Many buyers approach us wanting to know if all Raffinate C4 is interchangeable. Based on years of refining operations and laboratory monitoring, we’ve watched subtle composition shifts that can change a customer’s experience with catalysts, throughput, and recovery rates. Typically, our C4 product is a non-aromatic hydrocarbon stream made up of normal butenes, butane, and isobutene, with traces of other light hydrocarbons. In practice, the precise ratios in our output yield more consistent results—less downtime on reactors, reduced maintenance, and more predictable downstream reactions. Unlike some merchant lots that pull product across multiple upstream lines, our supply carries the original spec straight from olefin units. We cap moisture and sulfur contamination through on-stream purification, so operators spending less time on troubleshooting and more on keeping their cycle times in the target zone. This isn’t something that shows up on a data sheet, but it deeply affects operations when process upsets arise.

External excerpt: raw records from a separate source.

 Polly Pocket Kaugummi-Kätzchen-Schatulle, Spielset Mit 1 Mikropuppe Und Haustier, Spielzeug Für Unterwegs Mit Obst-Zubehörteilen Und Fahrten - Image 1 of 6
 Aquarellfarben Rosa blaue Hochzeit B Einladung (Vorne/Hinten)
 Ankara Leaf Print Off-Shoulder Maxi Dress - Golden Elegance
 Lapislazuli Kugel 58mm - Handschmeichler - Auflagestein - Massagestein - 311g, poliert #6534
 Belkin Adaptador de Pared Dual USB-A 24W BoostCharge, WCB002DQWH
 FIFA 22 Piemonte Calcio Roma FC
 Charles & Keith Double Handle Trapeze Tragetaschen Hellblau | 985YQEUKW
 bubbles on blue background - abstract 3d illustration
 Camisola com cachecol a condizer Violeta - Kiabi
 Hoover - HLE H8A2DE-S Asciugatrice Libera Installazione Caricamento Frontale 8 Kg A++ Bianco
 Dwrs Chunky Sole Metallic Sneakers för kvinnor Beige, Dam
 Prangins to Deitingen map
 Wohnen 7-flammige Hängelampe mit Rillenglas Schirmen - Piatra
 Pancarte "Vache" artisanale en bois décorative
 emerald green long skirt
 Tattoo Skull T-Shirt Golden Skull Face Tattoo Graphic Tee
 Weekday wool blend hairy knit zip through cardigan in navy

In recent years, we have worked with manufacturers specializing in oxo synthesis, adhesives, and synthetic rubber intermediates. Many have shifted those lines over to run exclusively on our Raffinate C4 rather than buying smaller trader parcels. The difference lies in batch repeatability. Our engineers maintain narrow cut points during extraction and hydrogenation, which allows compounders to optimize reaction temperatures without recalibrating plant controls after every batch. Plants set up for methyl tertiary butyl ether (MTBE) or sec-butyl alcohol (SBA) report lower carryover of side products. This effect extends to downstream environmental compliance: cleaner input streams reduce flare volumes and cut VOC emissions. Over time, dozens of facility managers have told us their teams spend far fewer hours remediating off-spec batches when using our C4 over generic, cross-mixed stocks.
Our technical staff have addressed countless calls about inconsistent product from market traders. Many operators don’t realize that Raffinate C4 composition can swing drastically, even within the same nominal grade, if the origin changes. We run advanced GC and sulfur speciation onsite for every shipment, allowing clients to review a full profile of the actual cargo, not just sales sheet averages. This builds fact-based confidence in procurement decisions. We’ve seen that smaller traders often lack direct control over the feedstock’s origin, leading to wider impurity swings and cumulative cost from process interruptions. Continuous supply channel transparency prevents those losses—in both time and money.
Years ago, our production team dealt with operator headaches over shifting hydrocarbon splits in tower overheads. We responded with a comprehensive controls retrofit, introducing new inline analyzers and vapor-liquid interface protections. As a result, our current Raffinate C4 shows stable butane and butene distributions throughout the year, mapped out to individual campaigns. Purity levels reach as high as 98%, though we constantly monitor across the full run. This reduces volatility in blending and eases adjustment of reagent concentrations for C4-derived synthesis—whether that means 1-butene, isobutylene extractions, or alkylation feed. Laboratory sampling isn’t a box-ticking exercise here; it’s part of daily operations, tracked in real-time by supervisory staff who make hands-on changes if readings drift.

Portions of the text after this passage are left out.